|Mom, college counselor, teacher, zookeeper, police detecive|
In the mid-1980s, when I was teaching high school English, I formed a friendship with a remarkable woman who had four daughters. I used to think of her girls as Louisa May Alcott’s Little Women, except none of them died young like Beth March, thank goodness. I taught all four of them, and they were all intelligent, interesting, strong women. My friendship with their mother survived my teaching time with her daughters, despite reading their essays about how all four teenagers shared a bathroom, and the family’s junk closet, whose door kept in a multitude of items just dying to fall out. Because their mom is so strong, all four of her daughters are amazing, grown-up moms and professionals in various jobs. All graduated from college and all went in four different directions (an eventuality I could have predicted since they were all so different.) They became a college counselor, teacher, zookeeper, and police detective.
Notice that last profession? Ah ha! I
haven’t needed the other three professionals as experts yet, but if I ever have a mystery set in a college, a private school, or a zoo, I’ll be set. The fourth daughter, Suzy, became a policewoman and, later, detective in Ames, Iowa. I guess this didn’t surprise me since her father was a detective in Illinois during his professional career. But, strangely, Ms. Owens didn’t attribute her interest in the criminal justice system to her father. What also surprised me was that Suzy was the youngest, tiniest, and most freckles-on-her-nose daughter. I have a hard time seeing her in a Kevlar vest, toting a gun. But she is.
Recently, I wrote a crime scene for my second mystery, and I passed it by Detective Owens so she could tell me how a detective would look at it versus how an author might write it. This resulted in two weeks and four re-writes. I would like to think she got no satisfaction whatsoever in asking her former English teacher to
“re-write until it’s perfect,” a phrase I seem to vaguely remember from my teaching conversations with her years ago.
I interviewed Detective Owens for my blog, and these were her answers:
Q: How did you happen to get into this line of work?
A: I didn’t plan on being a police officer when I graduated from college. I thought I wanted to work with at-risk children. But I did an internship at the police department, loved it, and loved the people. They happened to be going through a hiring process and I was encouraged to apply.
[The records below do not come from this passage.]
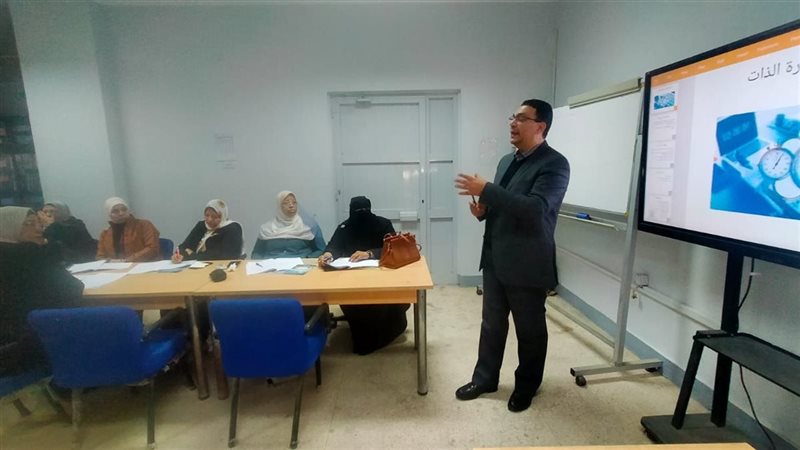 جانب من التدريب،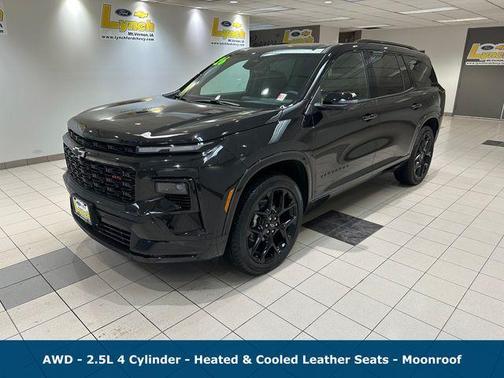 2026 Chevrolet Traverse RS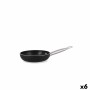 Poêle Quid Pro Chef Noir Métal Ø 18 cm (6 Unités)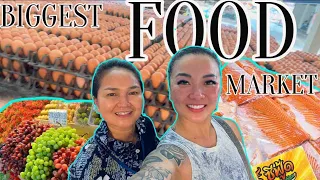 BIGGEST FOOD MARKET EVER | SASVlogs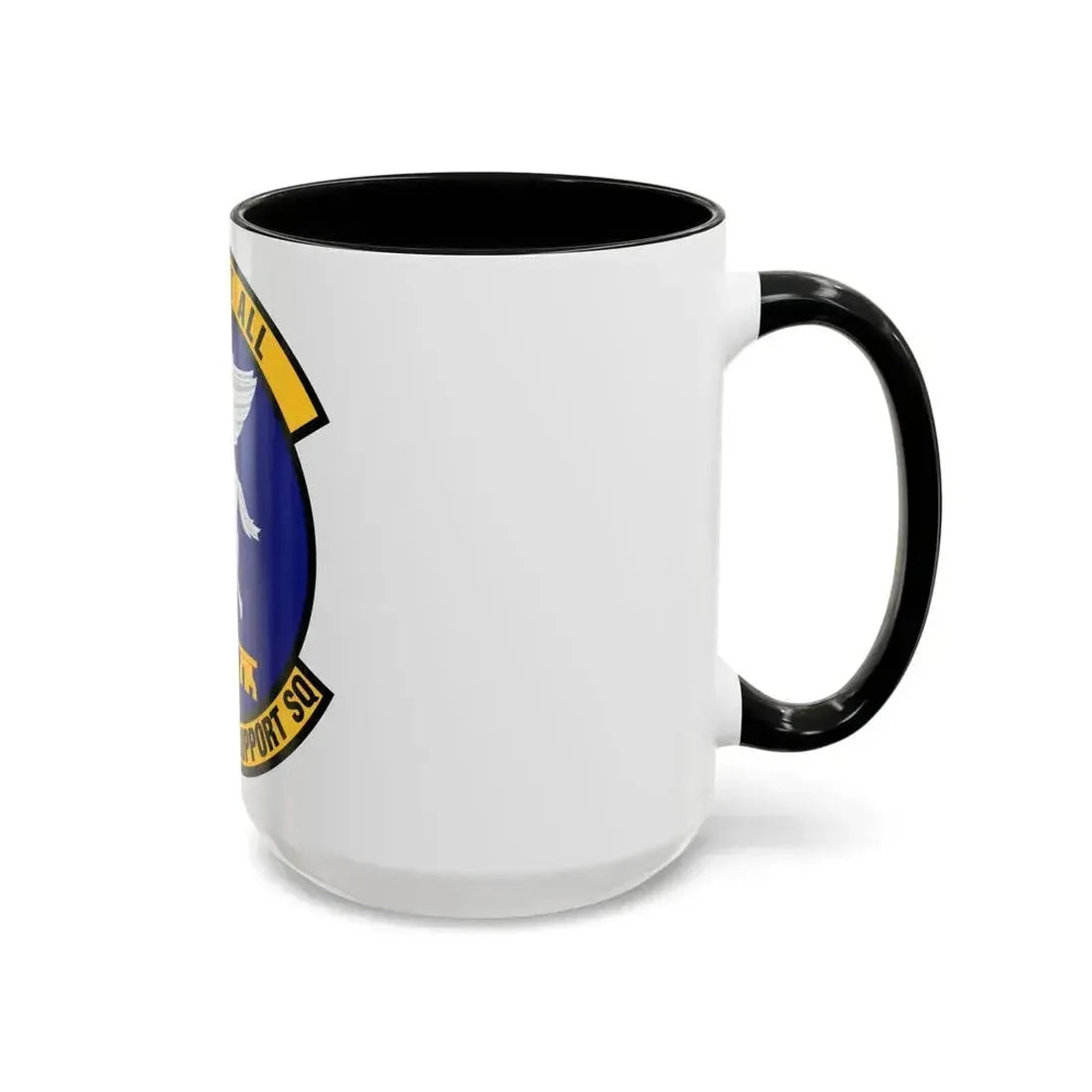 70th Mission Support Squadron (U.S. Air Force) Accent Coffee Mug - Go Mug Yourself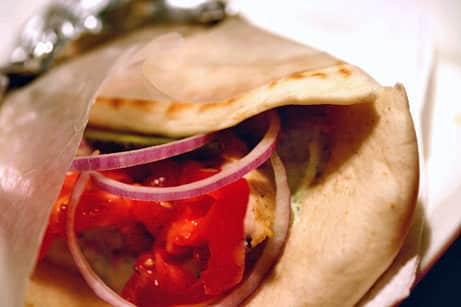 Quick Shish Taouk Sandwich Big Flavors From A Tiny Kitchen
But I would really like to make this clear: I went into this work to make a positive difference in peoples’ lives, not to drive fast cars and shoot guns.
Q: What are your credentials?
A: I have a BS in psychology with minors in criminal justice and Spanish from Iowa State University [1999.] I also graduated from the Iowa Law Enforcement Academy with peace officer certification , and I have a Master’s in criminal justice from Simpson College [2012.]
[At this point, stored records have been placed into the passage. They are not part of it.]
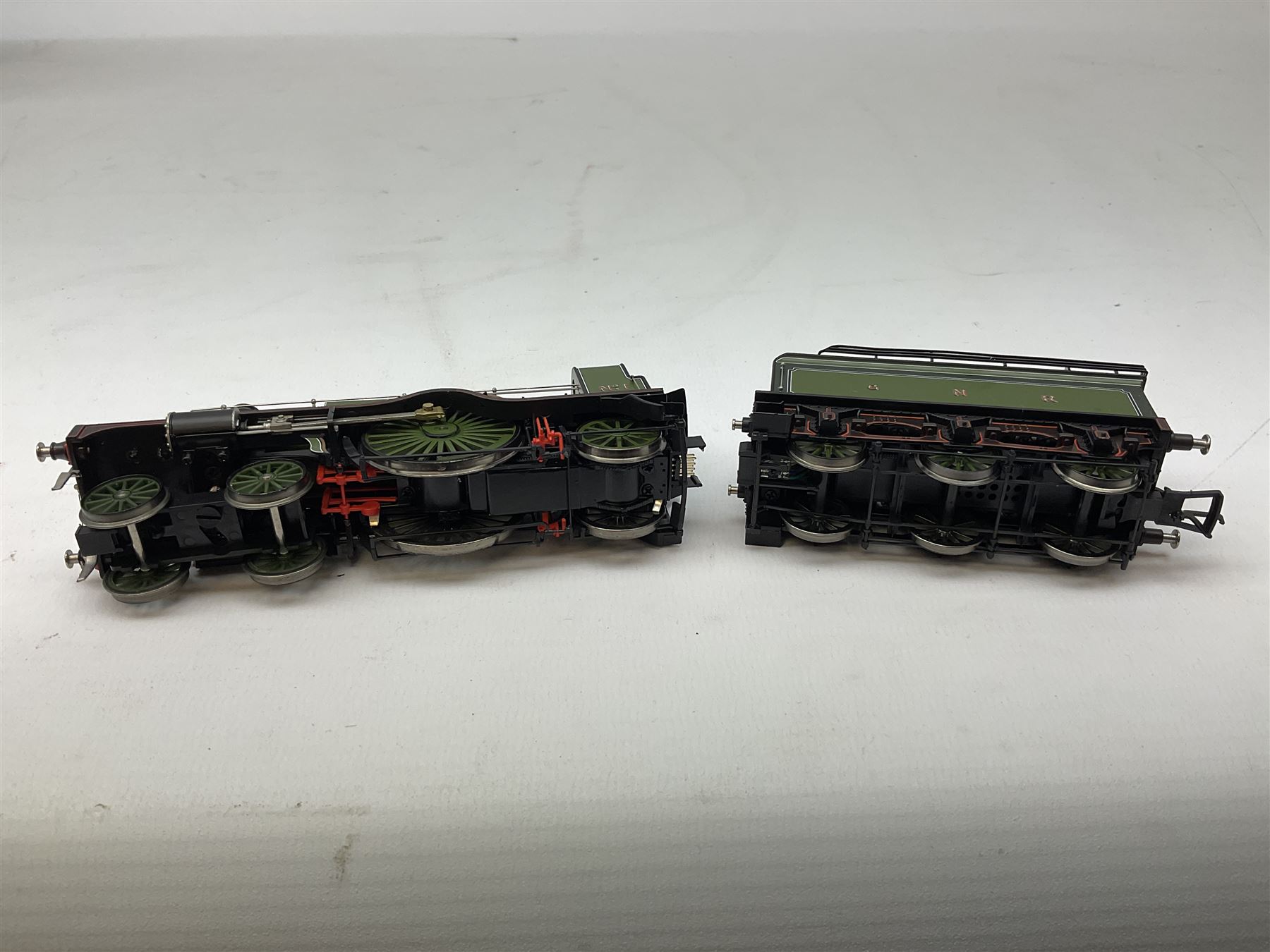 Rapido Trains Railway Museum '00' gauge' - GNR Stirling Single No. 1 locomotive, DCC ready 
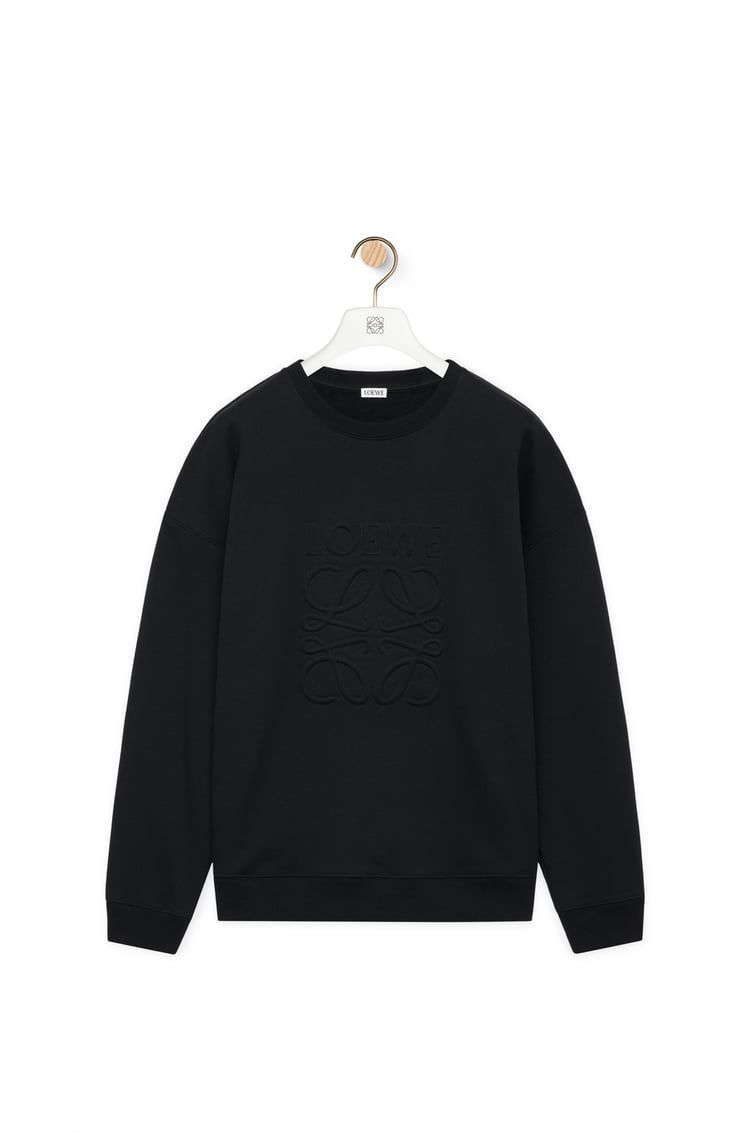Relaxed fit sweatshirt in cotton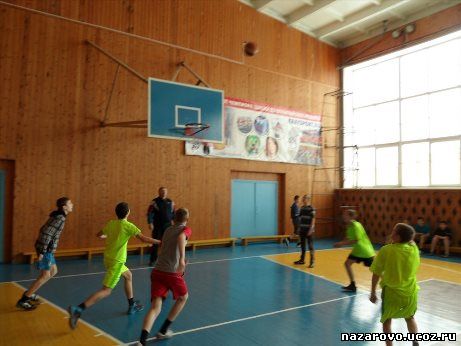  Районные соревнования по баскетболу в рамках «Школьная спортивная лига»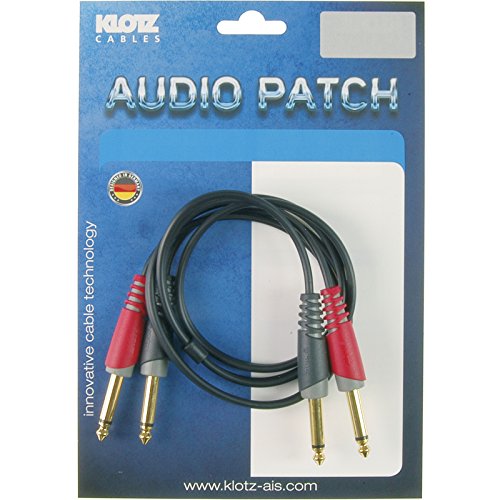 Klotz at-jj0200 Kabel Audio Leads Klotz at-jj0200 Kabel Audio Leads von Klotz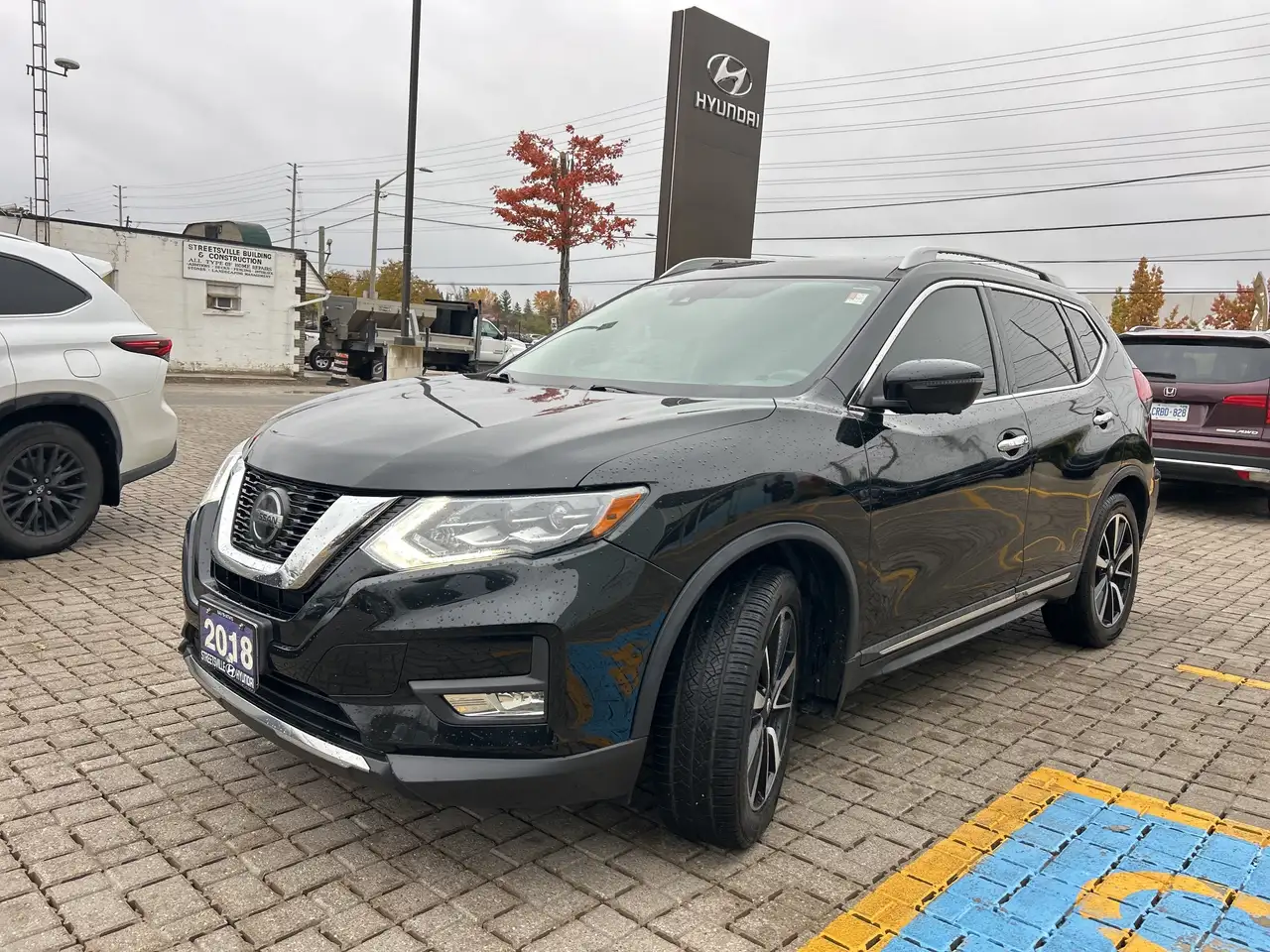 Nissan Rogue снимка Nissan Rogue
Q: What is your typical day like, or is there a typical day?
A: On patrol, I had a lot more variety in my day. But now, as a detective, I make and receive a lot of phone calls, do computer work and report writing, make
more phone calls, and have occasional
interviews. Sometimes my job entails search warrants, testifying in court, or processing a crime scene such as a recovered stolen vehicle or a burglary scene.
Q: What is the most frustrating part of your job?
might be the fact that many times there is not a doubt that the suspect has committed the crime, but I don’t have the evidence to charge. This is especially true in cases of sexual violence, for both women and children, where the public opinion can lead to stereotyping and doubt toward the victim. If I do have probable cause to charge, it will be another frustrating road trying to get the victim’s story told, with no real protections from the law. The defendants get all sorts of protections, while the victims have very few.
Q: How do you do this work–homicide and sexually-based crime work–without getting emotionally upset?
A: I make sure I have healthy outlets for stress: exercise, talking to others, stepping away from it all as needed. Sometimes I get emotional, but realize I’m just a small part in the whole process, and I have to tell myself to do the best in my role.
Q: What kinds of crimes bother you the most?
A: Sex offenses, with domestic violence a close second. These cases have such a stigma, and it is so hard to move forward with judges and juries.
Obviously, I couldn’t go into great detail with Suzy about the various cases she’s worked, but from her answers I find it clear that she is neck-deep in the kind of work with which I have no experience
from my own career. This makes her a sensational expert for my mysteries. I can reseach, read cases, and check out books from my local coroner, but having first-hand experience nearby is a wonderful consequence of teaching for so many years. Thank you, Detective Suzy Owens, for being there when I have questions, and especially for not laughing when they are stupid questions.
|They obviously take their work seriously.
Detective Owens is second from the right.